My brother challenged my directly on this, saying that it would have been far better to capture the last sparks of who he was. There is a lot of merit to doing that. I think it’s a different project though there were one or two images from the session that did do just that. But the discomfort my brother experienced in the other images, and felt the need to (rightly and justifiably) comment on is perhaps more interesting.
It is part of a general trend I’ve noticed in attitudes towards portraits that dictates there is a formula for how these should be done; that a portrait of someone you know, for most people, should be something warm and positive. I’ve noticed this especially when I post self-portraits on social media and I get the usual round of comments about looking grumpy, or stern, or too intense or something else other than the clichéd happy/warm/positive you would expect from a picture you share of yourself with the world.
People are very uncomfortable with seeing something other than that. Maybe they are OK with it in an art gallery, where there is an understanding that you might see something you’re not comfortable with and even if you experience that discomfort, you know it’s temporary and therefore of no consequence. It’s different when it’s someone you know. There is nothing temporary about it. Whatever it is that you see, even if you put it out of your mind it’s still there.

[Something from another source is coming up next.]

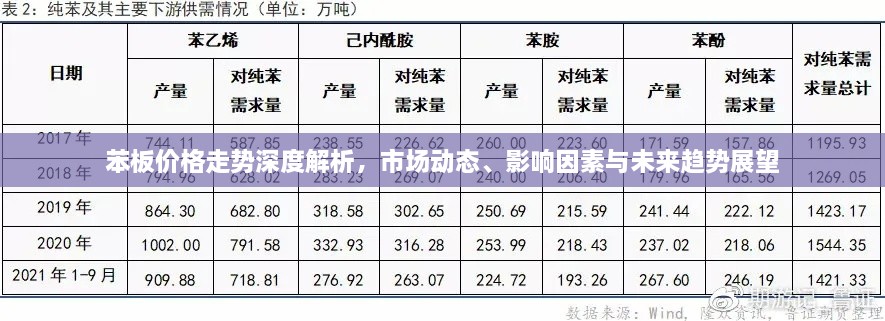 苯板价格走势深度解析，市场动态、影响因素与未来趋势展望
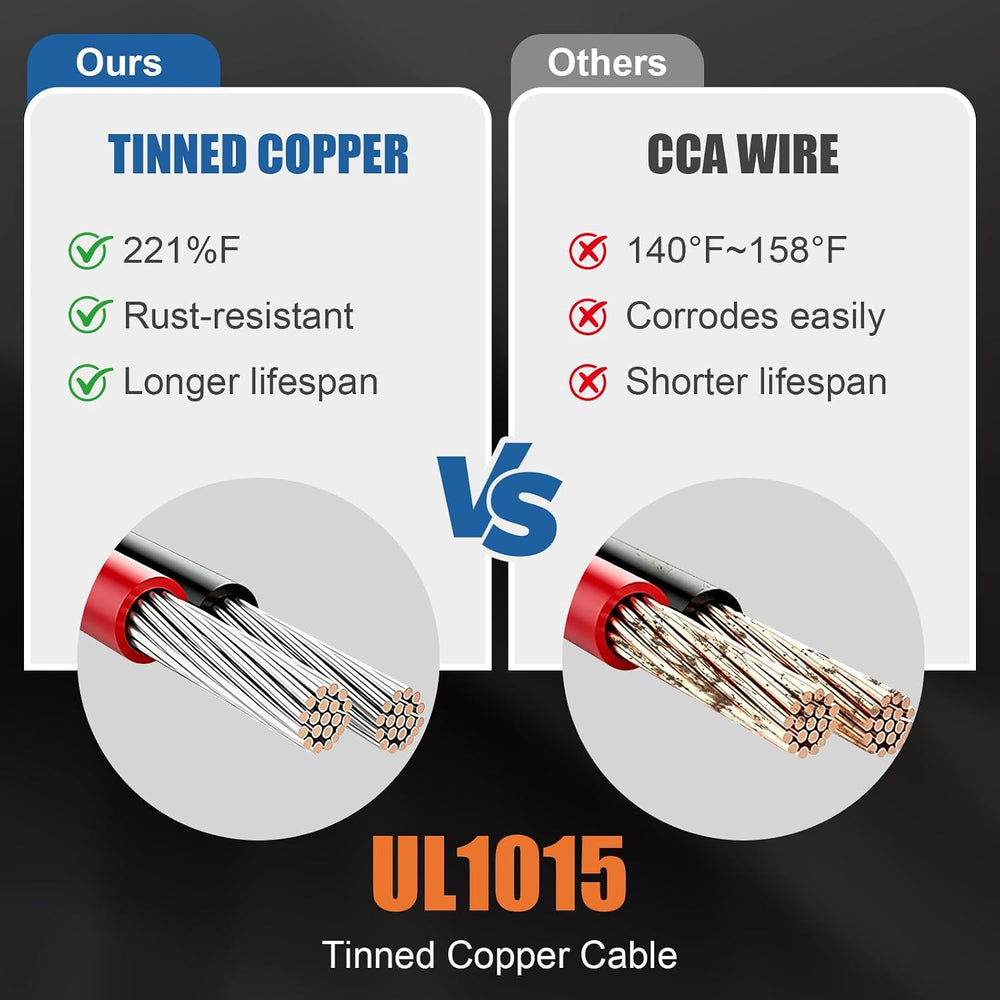 50A IP68 Waterproof Battery Quick Connect Disconnect 3.94FT 8 AWG Cable with Heavy Duty Jumper Cable Quick Plug for Winch RV Boat Marine Trailer Solar Towing System （Gray）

I had a similar conversation with a friend of mine who is at the start of exploring gender transition. We’ve talked about making a series of images of him as a record of that process. His motivation is documentation and mine is the creative process, which naturally means I would want to ‘publish’ those images at some point. In discussing that with him, he commented that he wasn’t sure there would ever be a time when he was comfortable with that (which then seemed to limit my interest in the project – a subject for another post about the creative process). He said that having the permanent record of something painful like that was both a risk and challenging to him. My point was that there is always a permanent record and the existence of a photograph is irrelevant to that fact. You exist in the world and people experience you in it and in doing so, that creates a permanent record that can never be erased. A photograph might add to the collective memory, but it doesn’t solely define it.
It’s not difficult to understand where this discomfort comes from. It’s tied into Laing’s ‘I see you, you see me’ concept. We see ourselves. We know other people see us but we cannot experience that experience. We also know that there is us as we really are and that this reality probably sits somewhere between the experience of self and the experience other people have of us. The perception of self is usually built to help us feel good about things. Whatever someone else might think of us, we can put that away as less important because we know we can’t experience it. But the photograph breaks down that invisible barrier. It shows us what other people might see and therefore creates some discomfort if the images shows something other than the warm, positive, comforting image we have created for ourselves.
This explains why people react badly to their own picture which might then contradict that self-image, but why does the same thing happen when you show them a picture of someone else that they know?
Jacques Lacan described the process of ego creation in a young child as being greatly stimulated by the recognition of self in a mirror. That recognition usually takes place at a time when the child’s ambitions greatly outstrip their motor development and so they see the reflection as being far more capable than they really are. That process creates a sense of comfort and satisfaction that stimulates the creation of ego.
This theory has been developed to explain some of the principles behind the pleasure of cinema. It states that the act of observing the capable, all conquering hero on screen is akin to this process of self-recognition. It reminds us of that moment and in doing so, we see ourselves in the hero and we are comforted.
The same could apply to the viewing of portraits and is perhaps even more powerful in a portrait of someone we know and love so that when that picture is not one that conveys the positive aspects we associate with them, it actually serves to remind us of our own insecurities. It is if you like, the inverse function of watching the hero on screen.